But who said you had to write a whole book in one sitting? Do you eat a whole year’s supply of food in one go? Do you paint the entire house in one day? Do you repair that hole in the ceiling- well, actually, that one I grant you was different.

I know setting goals can be boring, and I wouldn’t suggest anyone regiments their life to the extent that they constantly have their eyes on some kind of rigid daily writing routine. That can stifle creativity faster than a dose of migraine, and we all have enough routines to choke an elephant. But looking at a way of getting round that flurry of everyday activity which kills off any attempt at writing, it can be done realistically, if you have the willpower and desire.

A gentleman recently told me with absolute conviction: ‘I never have a minute to write – I only wish I did.’ He then went on to list all the things he had to do every day, which kept him on his feet and unable to pursue his love of writing. My suggestion was to use his time in the bathroom to greater effect.
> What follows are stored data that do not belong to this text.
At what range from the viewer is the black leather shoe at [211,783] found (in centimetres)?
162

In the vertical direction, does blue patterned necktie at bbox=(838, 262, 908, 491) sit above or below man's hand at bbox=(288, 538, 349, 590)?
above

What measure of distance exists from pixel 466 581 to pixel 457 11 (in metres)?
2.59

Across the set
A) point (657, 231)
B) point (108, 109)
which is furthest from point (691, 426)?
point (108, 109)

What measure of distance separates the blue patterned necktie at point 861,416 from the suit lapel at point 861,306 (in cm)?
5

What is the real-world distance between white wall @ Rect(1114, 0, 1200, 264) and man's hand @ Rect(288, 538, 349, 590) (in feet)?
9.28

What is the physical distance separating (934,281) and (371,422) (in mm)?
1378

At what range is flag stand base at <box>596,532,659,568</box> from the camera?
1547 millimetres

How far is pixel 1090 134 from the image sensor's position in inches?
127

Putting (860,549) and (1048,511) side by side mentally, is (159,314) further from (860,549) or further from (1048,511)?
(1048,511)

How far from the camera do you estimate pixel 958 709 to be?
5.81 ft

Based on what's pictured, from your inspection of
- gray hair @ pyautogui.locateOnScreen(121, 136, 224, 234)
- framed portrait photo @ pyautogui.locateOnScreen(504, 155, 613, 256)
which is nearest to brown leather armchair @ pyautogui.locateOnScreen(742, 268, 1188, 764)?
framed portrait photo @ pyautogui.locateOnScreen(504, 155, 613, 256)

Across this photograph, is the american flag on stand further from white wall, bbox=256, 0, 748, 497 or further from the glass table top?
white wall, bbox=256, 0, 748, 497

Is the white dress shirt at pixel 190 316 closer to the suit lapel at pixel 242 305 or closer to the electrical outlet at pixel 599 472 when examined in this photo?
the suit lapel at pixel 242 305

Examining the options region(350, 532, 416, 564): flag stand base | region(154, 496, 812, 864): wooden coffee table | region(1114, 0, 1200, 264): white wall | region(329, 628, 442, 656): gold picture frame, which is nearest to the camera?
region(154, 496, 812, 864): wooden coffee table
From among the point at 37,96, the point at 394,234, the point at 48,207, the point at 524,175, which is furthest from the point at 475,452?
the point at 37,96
I’m not sure he was too impressed by this. But if he really was as hectically busy as he claimed, surely he owed it to himself to snatch at least a few minutes with a notepad – no matter where? If a man’s home really is his castle, then his bathroom must be not only the smallest, but the most private keep in the house.

Conversely, a lady in a bookshop had a very different attitude. She told me that whenever she managed to write something, no matter how brief, she felt a huge sense of achievement, even pride. She was also very busy, but managed to find and use little pockets in her day to good effect, even if it meant writing just the first line of a new story or sketching out a fresh scene which had suddenly occurred to her.
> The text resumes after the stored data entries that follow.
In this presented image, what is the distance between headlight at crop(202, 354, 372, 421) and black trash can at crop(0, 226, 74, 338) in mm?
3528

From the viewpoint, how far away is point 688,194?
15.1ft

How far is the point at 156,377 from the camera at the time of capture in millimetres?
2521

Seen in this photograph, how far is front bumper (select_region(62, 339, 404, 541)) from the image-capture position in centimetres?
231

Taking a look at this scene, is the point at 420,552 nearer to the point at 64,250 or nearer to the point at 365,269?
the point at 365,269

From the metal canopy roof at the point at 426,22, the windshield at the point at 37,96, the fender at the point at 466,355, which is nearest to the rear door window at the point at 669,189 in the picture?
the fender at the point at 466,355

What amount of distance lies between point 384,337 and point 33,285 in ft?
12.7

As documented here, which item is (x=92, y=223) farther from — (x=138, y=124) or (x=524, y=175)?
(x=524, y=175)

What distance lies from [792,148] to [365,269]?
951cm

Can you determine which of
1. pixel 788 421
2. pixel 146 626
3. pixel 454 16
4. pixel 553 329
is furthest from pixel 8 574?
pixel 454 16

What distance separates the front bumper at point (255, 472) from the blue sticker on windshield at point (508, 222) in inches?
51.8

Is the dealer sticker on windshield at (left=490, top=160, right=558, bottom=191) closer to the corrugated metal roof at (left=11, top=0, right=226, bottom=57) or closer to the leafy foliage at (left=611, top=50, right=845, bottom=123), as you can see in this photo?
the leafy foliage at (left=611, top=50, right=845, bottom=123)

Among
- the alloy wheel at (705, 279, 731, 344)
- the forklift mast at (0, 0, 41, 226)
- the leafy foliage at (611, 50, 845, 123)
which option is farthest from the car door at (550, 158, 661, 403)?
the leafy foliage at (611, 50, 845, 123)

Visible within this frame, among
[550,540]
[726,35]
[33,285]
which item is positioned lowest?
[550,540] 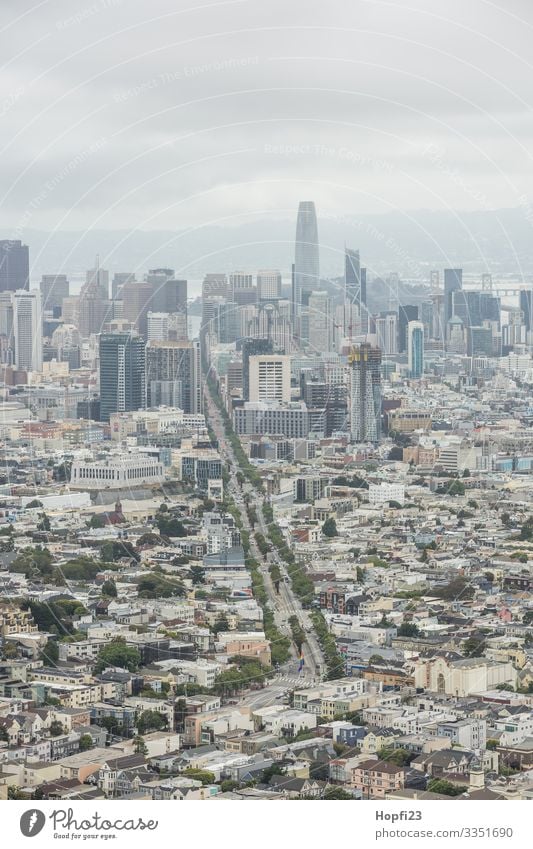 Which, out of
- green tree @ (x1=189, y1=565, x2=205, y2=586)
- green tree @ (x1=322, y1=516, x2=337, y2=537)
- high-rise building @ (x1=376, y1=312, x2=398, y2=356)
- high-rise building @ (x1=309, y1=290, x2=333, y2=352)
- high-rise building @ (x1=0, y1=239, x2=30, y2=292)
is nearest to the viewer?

She was, quite simply, doing it rather than merely thinking about it.

Ceilings notwithstanding, I do this myself, even when I’m working on other projects. I jot down ideas, take snatches of dialogue which sound appealing, and I constantly think about what I’m currently working on or would like to work on next. In fact, if I were to check my IDEAS folder, I’d find stuff which will probably take me years to get round to… or maybe just a couple of days, because in there might be something that will fit in with a project I’m currently writing.

I liken it to chipping away at a large chunk of wood; eventually, I’ll have something recognisable which I can work on more fully and with more energy and focus, because the desire to do it will push me to get on with it.
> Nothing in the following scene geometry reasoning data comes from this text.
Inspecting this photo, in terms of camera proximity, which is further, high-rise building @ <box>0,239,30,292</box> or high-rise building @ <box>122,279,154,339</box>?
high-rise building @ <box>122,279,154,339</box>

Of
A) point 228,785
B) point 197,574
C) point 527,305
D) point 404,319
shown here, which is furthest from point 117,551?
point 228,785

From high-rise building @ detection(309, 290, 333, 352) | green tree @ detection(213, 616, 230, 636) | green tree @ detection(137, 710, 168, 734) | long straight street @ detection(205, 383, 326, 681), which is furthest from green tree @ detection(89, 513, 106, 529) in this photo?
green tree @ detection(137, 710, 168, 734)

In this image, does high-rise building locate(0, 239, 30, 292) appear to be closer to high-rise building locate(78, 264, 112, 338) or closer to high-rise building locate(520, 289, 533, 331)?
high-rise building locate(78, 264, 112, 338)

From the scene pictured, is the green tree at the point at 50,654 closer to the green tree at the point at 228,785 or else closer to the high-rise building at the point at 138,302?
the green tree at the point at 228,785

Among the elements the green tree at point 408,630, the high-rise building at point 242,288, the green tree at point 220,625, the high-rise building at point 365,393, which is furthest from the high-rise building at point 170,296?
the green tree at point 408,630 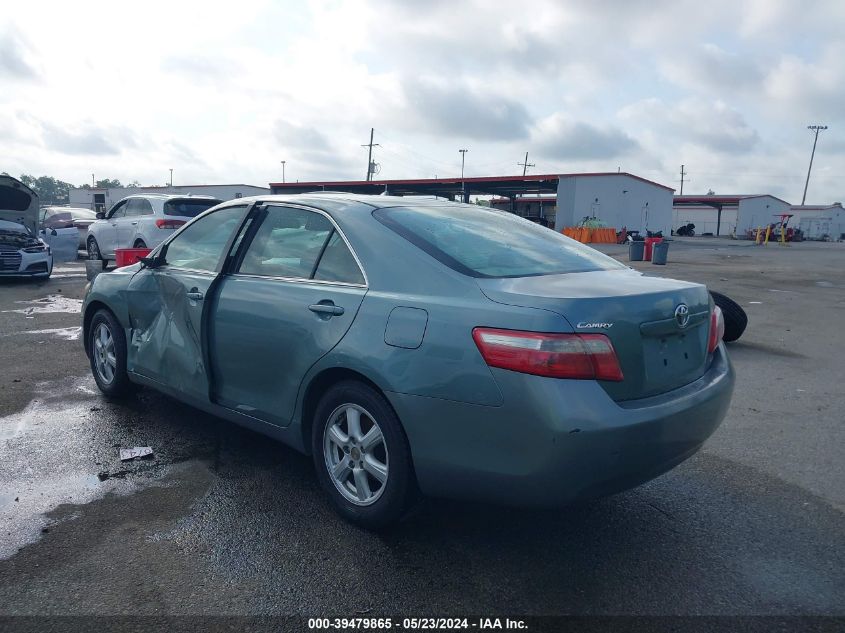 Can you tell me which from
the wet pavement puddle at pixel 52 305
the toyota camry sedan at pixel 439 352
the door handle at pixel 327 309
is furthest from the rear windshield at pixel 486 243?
the wet pavement puddle at pixel 52 305

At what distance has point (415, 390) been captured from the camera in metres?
2.86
And that’s the key: if you want to do something enough, you will manage it somehow. If you have that inner burn to write, that itch that simply won’t go away, especially when you pick up a good book or a short story and think you could do just as well, you will find a way. It may be a sentence here or a short piece of dialogue there; it might even be thinking of a name for a character, or a description. But those small, even tiny achievements are not to be dismissed lightly. Because they will add up, and they will grow, as will your determination to make something of them, no matter how busy. And that’s a greater achievement.

TOP TIPS

·        Snatch those pockets in your life (travelling, queuing, waiting – and yes, in the bathroom) to write something.
·        Thought of a scene? Sketch it out in six words – you can flesh it out later.
·       Take pleasure from having started something – but don’t let it stop there.
·        Say ‘I’m writing’ - and mean it.
·        Go to sleep with a sense of achievement.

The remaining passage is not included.